Figure 8.7. Two processes simultaneously acquire the respective partitions of BufMappingLock in exclusive mode to insert new data entries.

The buffer table requires many other locks. For example, the buffer table internally uses a spin lock to delete an entry. However, descriptions of these other locks are omitted because they are not required in this document.

Info

Until PostgreSQL version 9.4, BufMappingLock was split into 16 separate locks by default.

8.3.2. Locks for Each Buffer Descriptor

In versions 9.5 or earlier, each buffer descriptor used two lightweight locks, content_lock and io_in_progress_lock, to control access to the stored page in the corresponding buffer pool slot. A spinlock (buf_hdr_lock) was used when the values of its own fields (i.e., usage_count, refcount, flags) were checked or changed.

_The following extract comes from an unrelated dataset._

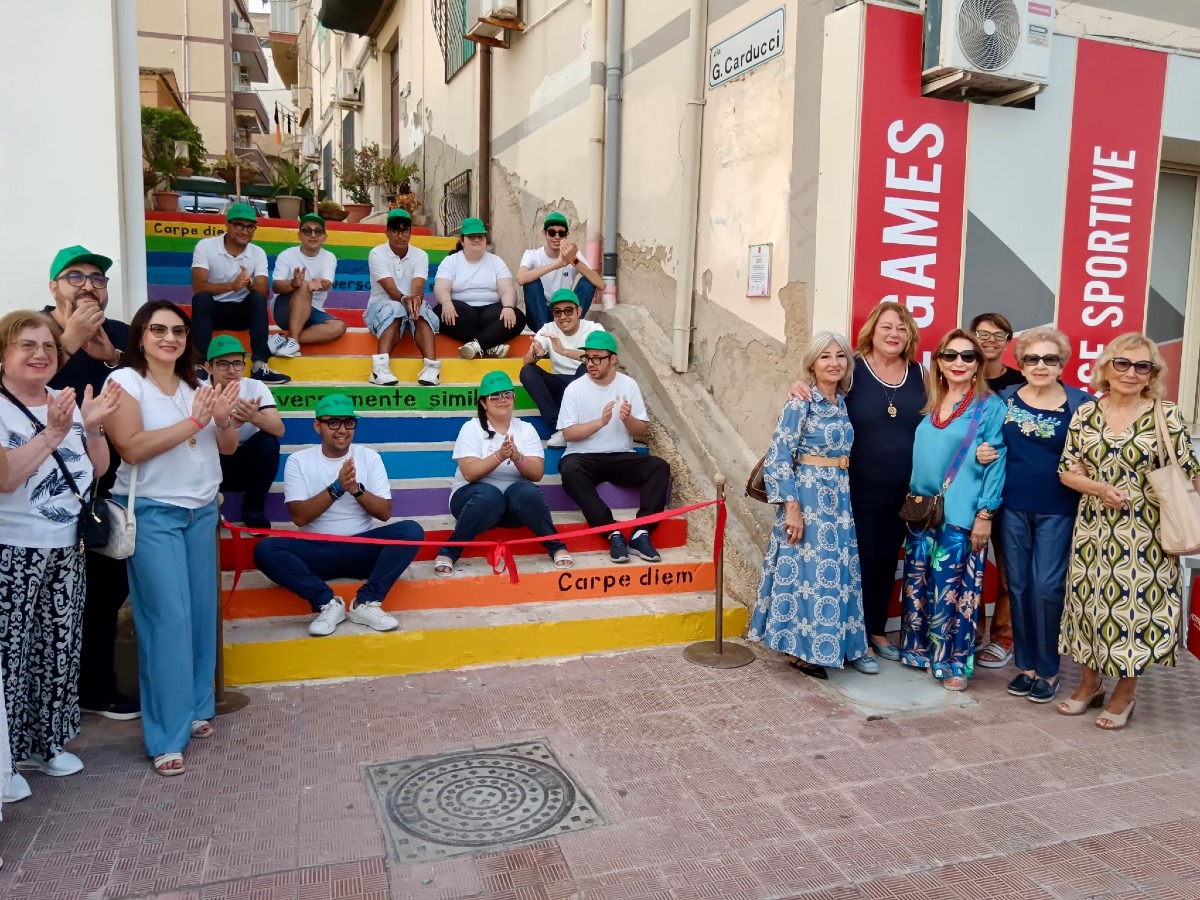 Arte e inclusione: inaugurata la scalinata dei “Tucarù” - 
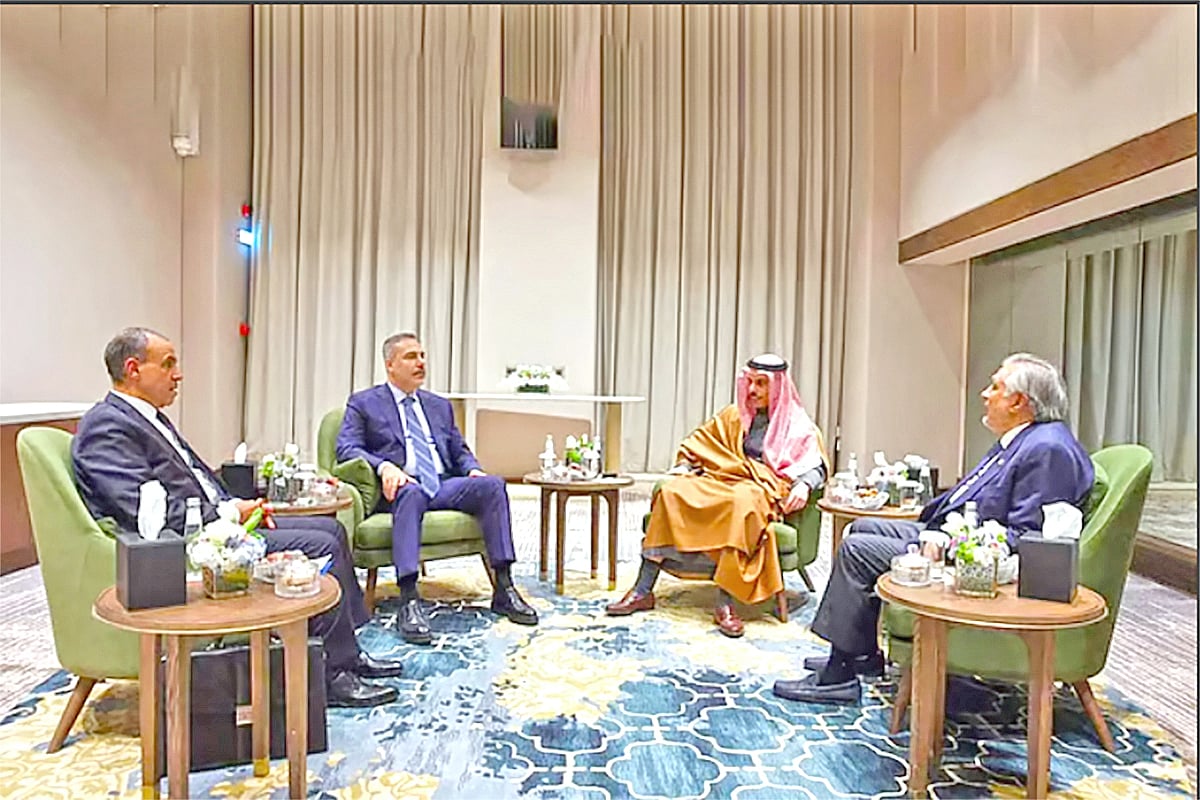 ইরান যুদ্ধ থামানোর দূতিয়ালিতে পাকিস্তান কতটা এগোল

In version 9.6, buffer access methods were improved. The io_in_progress_lock and spin lock (buf_hdr_lock) were removed. Instead of using these locks, versions 9.6 or later use CPU atomic operations to inspect and change their values.

Atomic Operations

An atomic operation is an operation that executes without interruption, ensuring it completes as a single, indivisible unit. These operations are commonly used for tasks such as updating counters without locks or implementing lock-free data structures.

8.3.2.1. content_lock

The content_lock is a typical lock that enforces access restrictions. It can be used in shared and exclusive modes.

When reading a page, a backend process acquires a shared content_lock of the buffer descriptor that stores the page.

An exclusive content_lock is acquired when doing one of the following:

  • Inserting rows (i.e., tuples) into the stored page or changing the t_xmin/t_xmax fields of tuples within the stored page. (t_xmin and t_xmax are described in Section 5.2; simply, when deleting or updating rows, these fields of the associated tuples are changed).

  • Physically removing tuples or compacting free space on the stored page. (This is performed by vacuum processing and HOT, which are described in Chapters 6 and 7, respectively).

  • Freezing tuples within the stored page. (Freezing is described in Section 5.10.1 and Section 6.3.

The official README file provides more details.

8.3.2.2. io_in_progress_lock (versions 9.5 or earlier)

In versions 9.5 or earlier, the io_in_progress lock was used to wait for I/O on a buffer to complete. When a PostgreSQL process loads or writes page data from or to storage, the process acquires an exclusive io_in_progress lock of the corresponding descriptor while accessing the storage.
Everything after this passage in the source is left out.